When to use it: New Python projects. pyproject.toml is already the standard for Python packaging, so your team already knows TOML. It supports comments, has clear syntax, and handles types properly.

When to skip it: If you need to support Python < 3.11, you'll need the tomli backport package. Also, deeply nested TOML gets verbose — the [a.b.c.d] header syntax doesn't scale as gracefully as YAML's indentation.

.env Files: Secrets and Environment

.env files aren't a config format so much as a convention. Each line is a key-value pair.

from dotenv import load_dotenv
import os

load_dotenv()  # loads .env into os.environ

db_url = os.environ['DATABASE_URL']
secret_key = os.environ['SECRET_KEY']

# .env
DATABASE_URL=postgresql://user:pass@localhost/myapp
SECRET_KEY=super-secret-value
DEBUG=true

When to use it: Environment-specific secrets and variables. The 12-factor app methodology recommends storing config in the environment, and .env files are the local development equivalent.

When to skip it: Everything is a string. No nesting, no lists, no structure. .env files work best for a flat set of variables, not complex configuration. And never commit them to version control.

Python Files: Just Use Code

Some projects skip config files entirely and use a Python module.

# config.py
DEBUG = True
DATABASE = {
    'host': 'localhost',
    'port': 5432,
    'name': 'myapp',
}
ALLOWED_HOSTS = ['localhost', '127.0.0.1']

from config import DEBUG, DATABASE

When to use it: When your config needs logic, or when you want IDE autocompletion and type checking. Django's settings.py is the canonical example.

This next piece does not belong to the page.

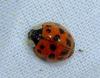 Harmonia axyridis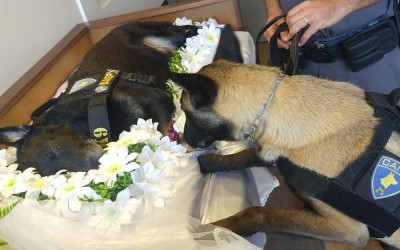 Policiais prestam homenagem a cão farejador que morreu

When to skip it: Now you're executing untrusted code. If anyone can modify the config file, they can run arbitrary Python. This also makes it harder to generate or validate config programmatically.

What I Actually Use

For new Python projects, my default stack is:

• pyproject.toml — project metadata and tool configuration (already standard)
• .env — secrets and environment-specific values (loaded via python-dotenv)
• config.yaml or config.toml — application-level configuration that humans edit

I avoid INI unless I'm maintaining something old. I avoid JSON for anything humans write. I avoid Python config files unless the project already uses that pattern.

The Real Rule

The best config format is the one your team will actually maintain correctly. A perfectly structured YAML file that nobody wants to edit is worse than a simple .env file people understand.

Pick the simplest format that handles your actual requirements. Add complexity only when the config demands it — not because a format is popular.